> EXERCISE DETAILS:
Please restate each entry below, word for word.

> DATASET ENTRIES:
┌──
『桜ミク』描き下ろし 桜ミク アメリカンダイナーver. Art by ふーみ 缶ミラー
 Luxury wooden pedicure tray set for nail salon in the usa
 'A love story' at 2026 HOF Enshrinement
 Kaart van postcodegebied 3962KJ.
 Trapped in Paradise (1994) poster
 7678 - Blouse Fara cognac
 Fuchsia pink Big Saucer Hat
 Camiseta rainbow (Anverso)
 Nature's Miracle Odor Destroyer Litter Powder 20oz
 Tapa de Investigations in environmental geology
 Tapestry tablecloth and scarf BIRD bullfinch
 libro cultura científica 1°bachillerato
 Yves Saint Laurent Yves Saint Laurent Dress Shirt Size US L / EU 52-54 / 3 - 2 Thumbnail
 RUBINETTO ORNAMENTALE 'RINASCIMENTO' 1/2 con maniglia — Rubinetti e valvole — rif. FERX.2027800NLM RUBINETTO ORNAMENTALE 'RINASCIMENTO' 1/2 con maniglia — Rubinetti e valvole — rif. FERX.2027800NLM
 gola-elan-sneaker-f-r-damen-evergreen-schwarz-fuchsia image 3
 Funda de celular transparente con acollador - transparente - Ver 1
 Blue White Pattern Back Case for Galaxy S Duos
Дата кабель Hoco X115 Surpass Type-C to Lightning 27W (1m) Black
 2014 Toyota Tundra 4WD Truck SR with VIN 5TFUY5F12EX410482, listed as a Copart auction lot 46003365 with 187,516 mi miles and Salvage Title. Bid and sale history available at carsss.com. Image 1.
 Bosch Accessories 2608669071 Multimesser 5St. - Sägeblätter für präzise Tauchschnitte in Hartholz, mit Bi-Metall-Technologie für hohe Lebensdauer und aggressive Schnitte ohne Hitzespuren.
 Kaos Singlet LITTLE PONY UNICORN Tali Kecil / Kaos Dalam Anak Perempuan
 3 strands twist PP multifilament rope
└──
> ANSWER BOX:
『桜ミク』描き下ろし 桜ミク アメリカンダイナーver. Art by ふーみ 缶ミラー
 Luxury wooden pedicure tray set for nail salon in the usa
 'A love story' at 2026 HOF Enshrinement
 Kaart van postcodegebied 3962KJ.
 Trapped in Paradise (1994) poster
 7678 - Blouse Fara cognac
 Fuchsia pink Big Saucer Hat
 Camiseta rainbow (Anverso)
 Nature's Miracle Odor Destroyer Litter Powder 20oz
 Tapa de Investigations in environmental geology
 Tapestry tablecloth and scarf BIRD bullfinch
 libro cultura científica 1°bachillerato
 Yves Saint Laurent Yves Saint Laurent Dress Shirt Size US L / EU 52-54 / 3 - 2 Thumbnail
 RUBINETTO ORNAMENTALE 'RINASCIMENTO' 1/2 con maniglia — Rubinetti e valvole — rif. FERX.2027800NLM RUBINETTO ORNAMENTALE 'RINASCIMENTO' 1/2 con maniglia — Rubinetti e valvole — rif. FERX.2027800NLM
 gola-elan-sneaker-f-r-damen-evergreen-schwarz-fuchsia image 3
 Funda de celular transparente con acollador - transparente - Ver 1
 Blue White Pattern Back Case for Galaxy S Duos
Дата кабель Hoco X115 Surpass Type-C to Lightning 27W (1m) Black
 2014 Toyota Tundra 4WD Truck SR with VIN 5TFUY5F12EX410482, listed as a Copart auction lot 46003365 with 187,516 mi miles and Salvage Title. Bid and sale history available at carsss.com. Image 1.
 Bosch Accessories 2608669071 Multimesser 5St. - Sägeblätter für präzise Tauchschnitte in Hartholz, mit Bi-Metall-Technologie für hohe Lebensdauer und aggressive Schnitte ohne Hitzespuren.
 Kaos Singlet LITTLE PONY UNICORN Tali Kecil / Kaos Dalam Anak Perempuan
 3 strands twist PP multifilament rope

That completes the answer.